AVAILABLE DATA section start

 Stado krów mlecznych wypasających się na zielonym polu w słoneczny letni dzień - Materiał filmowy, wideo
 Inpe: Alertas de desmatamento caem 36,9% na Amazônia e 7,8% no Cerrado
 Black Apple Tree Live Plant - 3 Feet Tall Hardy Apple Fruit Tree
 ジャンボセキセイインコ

AVAILABLE DATA section end
AVAILABLE DATA section start

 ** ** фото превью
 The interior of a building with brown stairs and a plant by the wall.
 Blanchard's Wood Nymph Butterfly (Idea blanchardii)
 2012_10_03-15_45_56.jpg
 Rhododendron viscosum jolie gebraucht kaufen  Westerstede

AVAILABLE DATA section end
AVAILABLE DATA section start

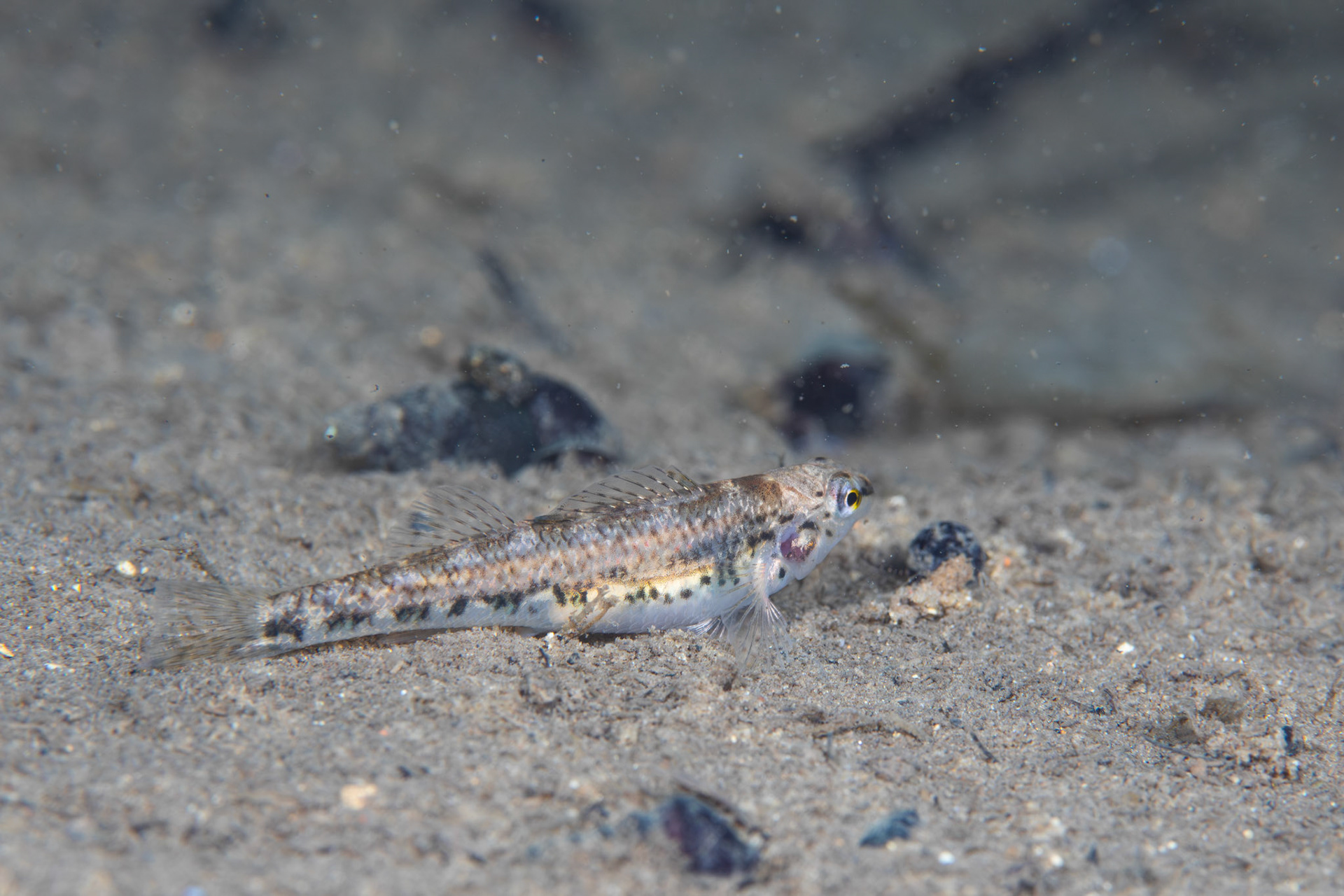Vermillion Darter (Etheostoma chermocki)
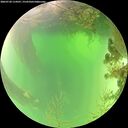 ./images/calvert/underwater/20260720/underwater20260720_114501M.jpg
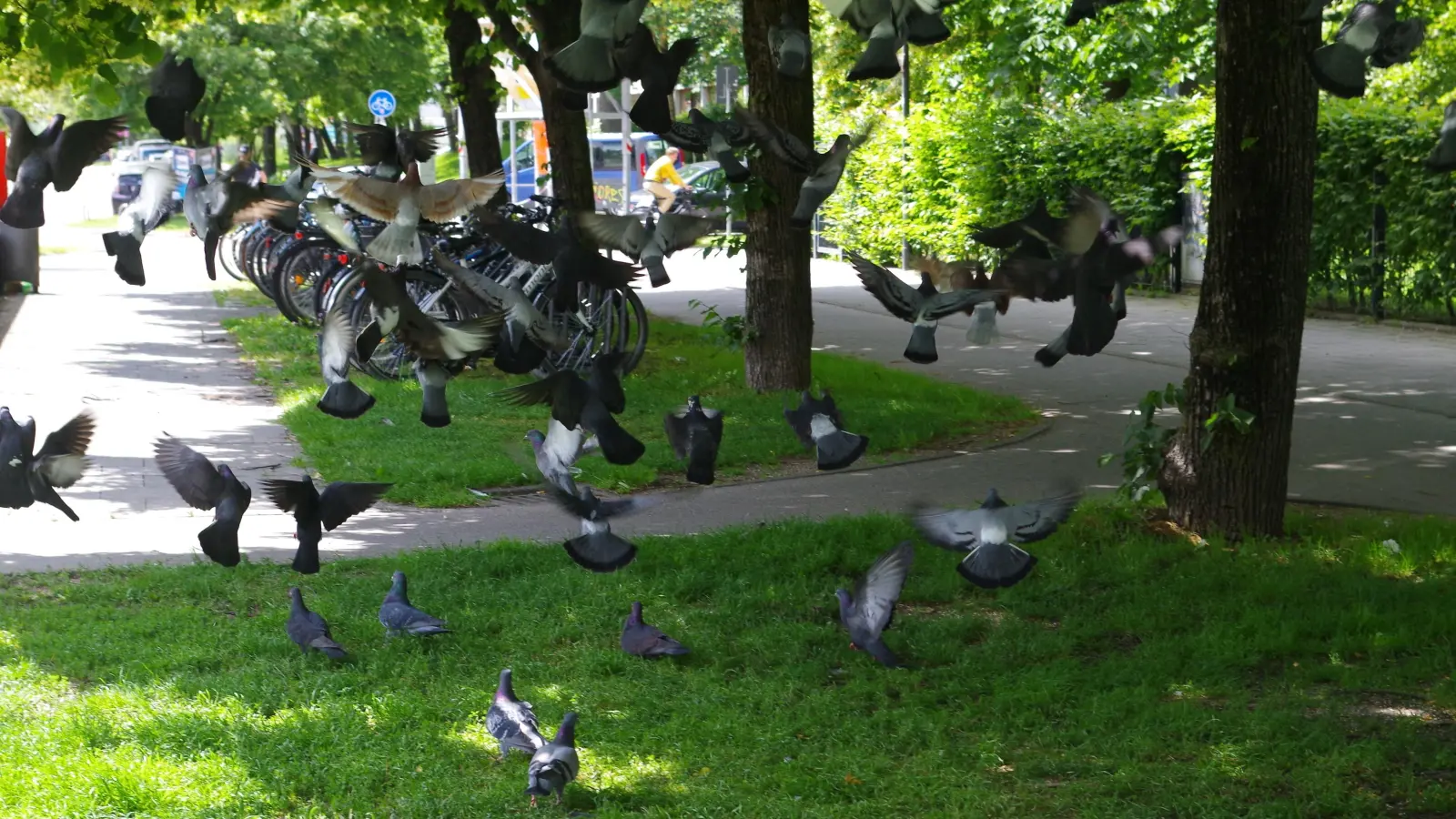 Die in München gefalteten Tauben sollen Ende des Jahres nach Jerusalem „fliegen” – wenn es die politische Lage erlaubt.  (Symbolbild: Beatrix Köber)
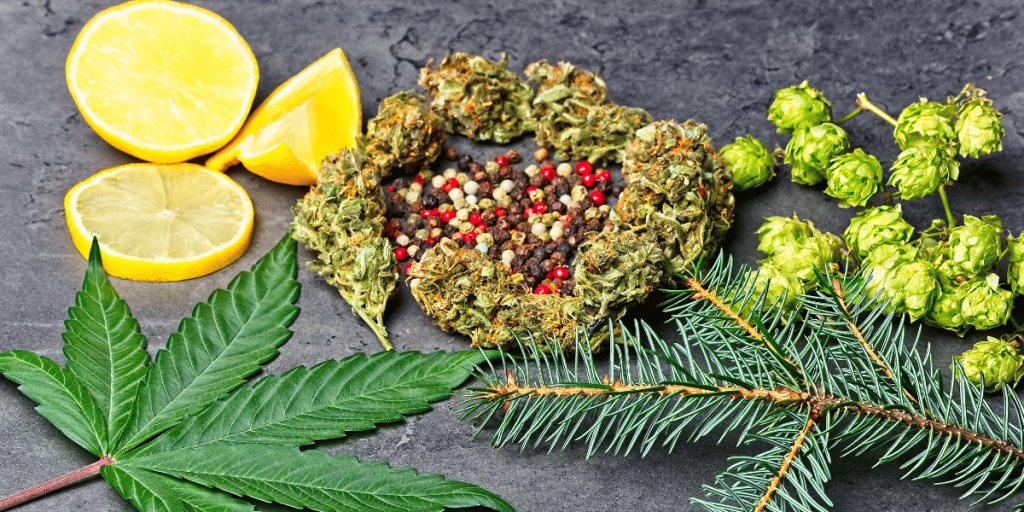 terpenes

AVAILABLE DATA section end

▸ **EXERCISE INSTRUCTIONS**
Your task is to restate, word for word, only those lines above that fall between the line holding "Stado krów mlecznych" and the line holding "ジャンボセキセイインコ", inclusive.

▸ **SOLUTION TO THIS TASK**
 Stado krów mlecznych wypasających się na zielonym polu w słoneczny letni dzień - Materiał filmowy, wideo
 Inpe: Alertas de desmatamento caem 36,9% na Amazônia e 7,8% no Cerrado
 Black Apple Tree Live Plant - 3 Feet Tall Hardy Apple Fruit Tree
 ジャンボセキセイインコ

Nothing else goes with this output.